WHAT YOU NEED TO DO: Would you transcribe the entries below, beginning at the line with "Cho thuê studio" and ending after the line with "Toyota RAV4 2.5", exactly, with no picture and nothing more?

(Short text fragments from websites)
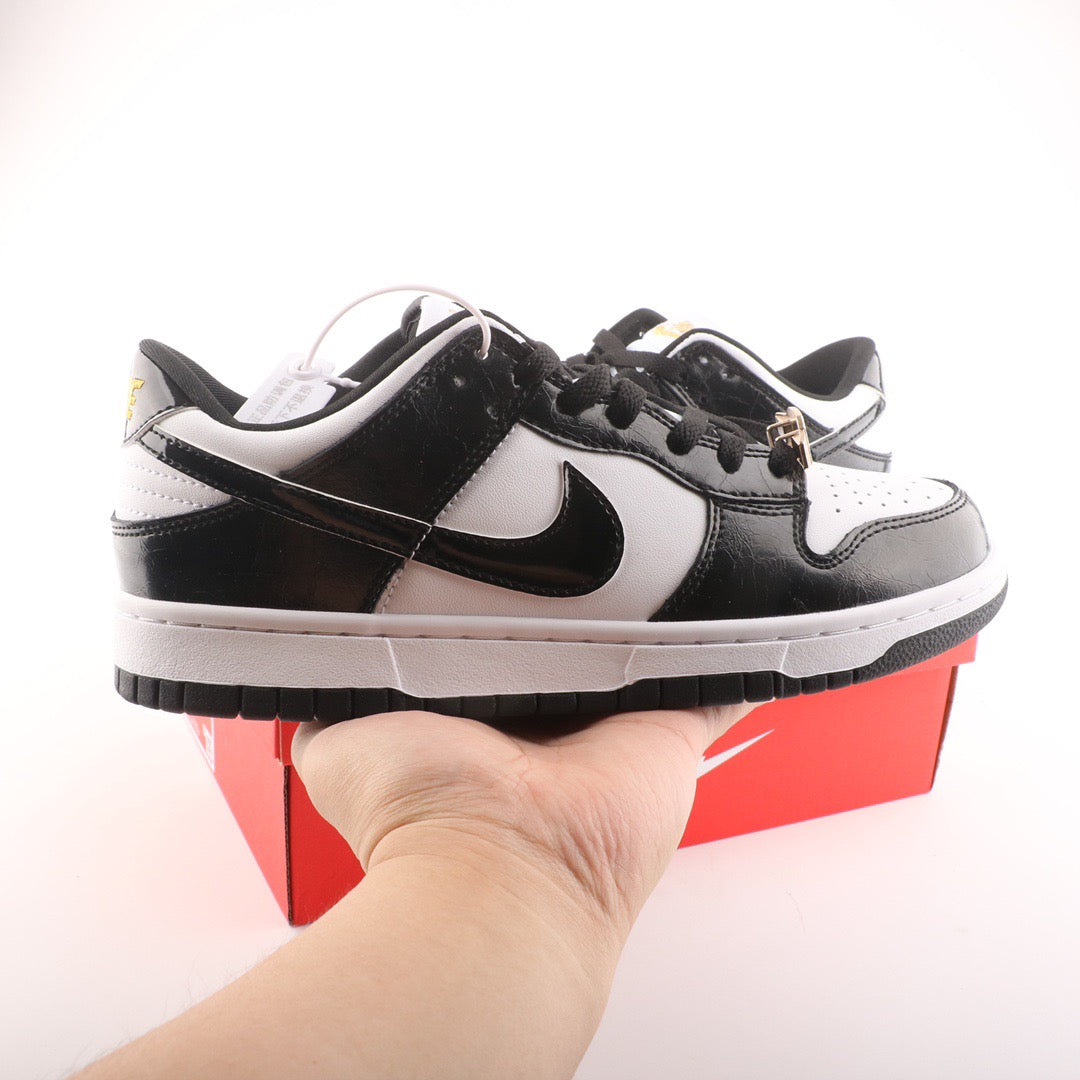 Nike Dunk Low Black World Champ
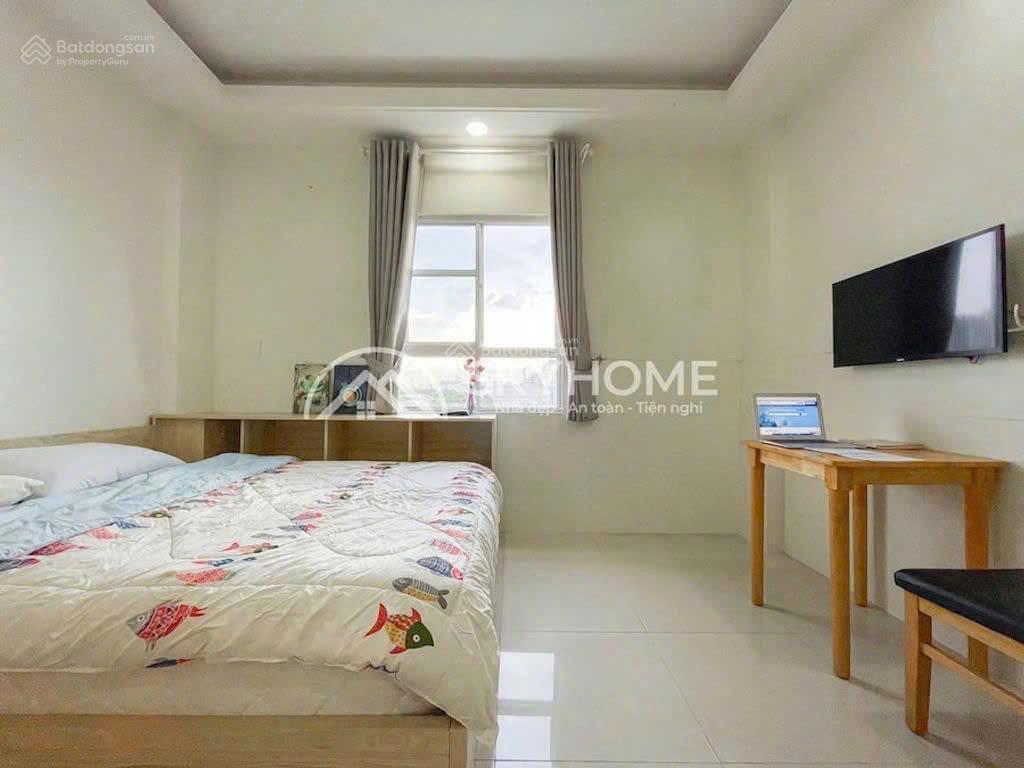 Cho thuê studio ban công full nt ngay trung tâm q7 gần rmit, tdtu gần lotte, crescentmall, vivocity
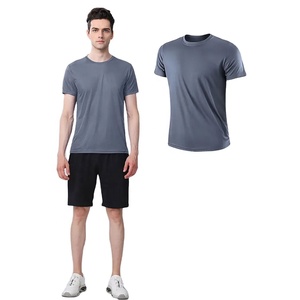 ชุดเสื้อผ้า2ชิ้นสำหรับฤดูร้อนของผู้ชายเสื้อยืดผ้าโพลีเอสเตอร์ระบายอากาศและกางเกงขาสั้น - Product Image 4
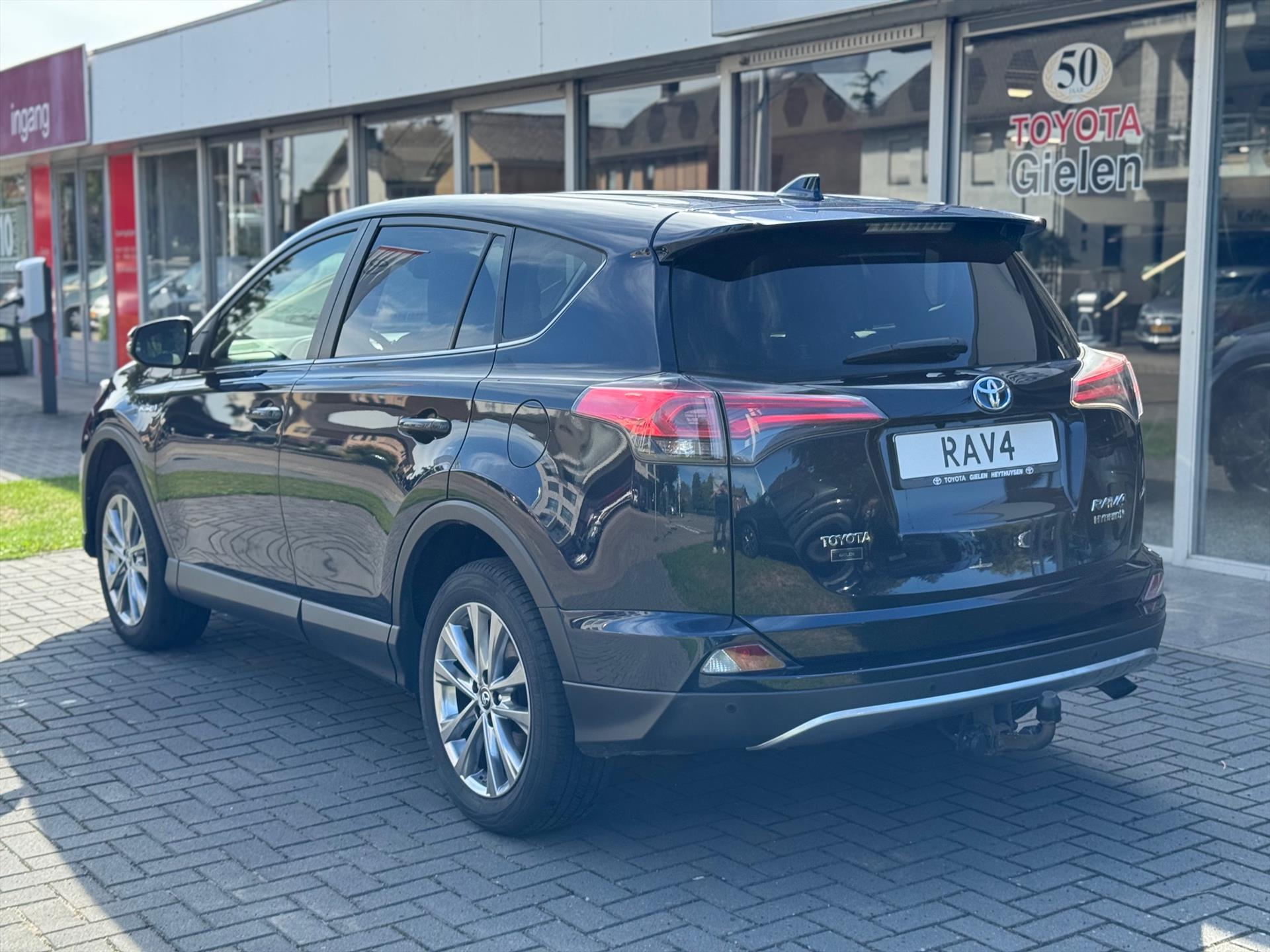 Toyota RAV4 2.5 Hybrid AWD Executive | Trekhaak, Schuifdak, Leer, Geheugenfunctie, 360 Camera, Blind spot, Stoel + Stuuverwarming 47495382-3.jpg | Autobedrijf Gielen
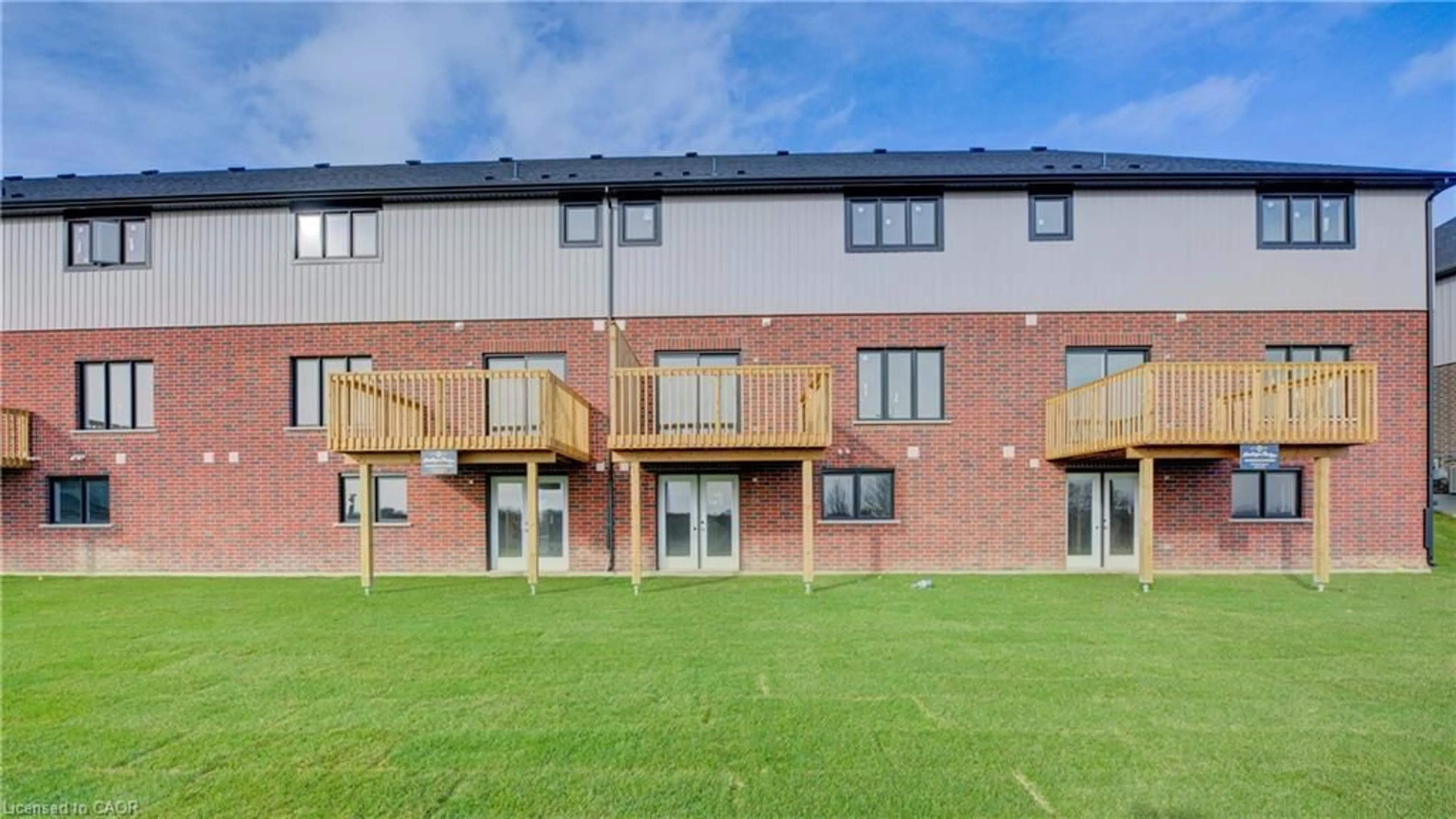 A pic from outside/outdoor area/front of a property/back of a property/a pic from drone, building for 235 Applewood St, Plattsville Ontario N0J 1S0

THE ANSWER:
 Cho thuê studio ban công full nt ngay trung tâm q7 gần rmit, tdtu gần lotte, crescentmall, vivocity
 ชุดเสื้อผ้า2ชิ้นสำหรับฤดูร้อนของผู้ชายเสื้อยืดผ้าโพลีเอสเตอร์ระบายอากาศและกางเกงขาสั้น - Product Image 4
 Toyota RAV4 2.5 Hybrid AWD Executive | Trekhaak, Schuifdak, Leer, Geheugenfunctie, 360 Camera, Blind spot, Stoel + Stuuverwarming 47495382-3.jpg | Autobedrijf Gielen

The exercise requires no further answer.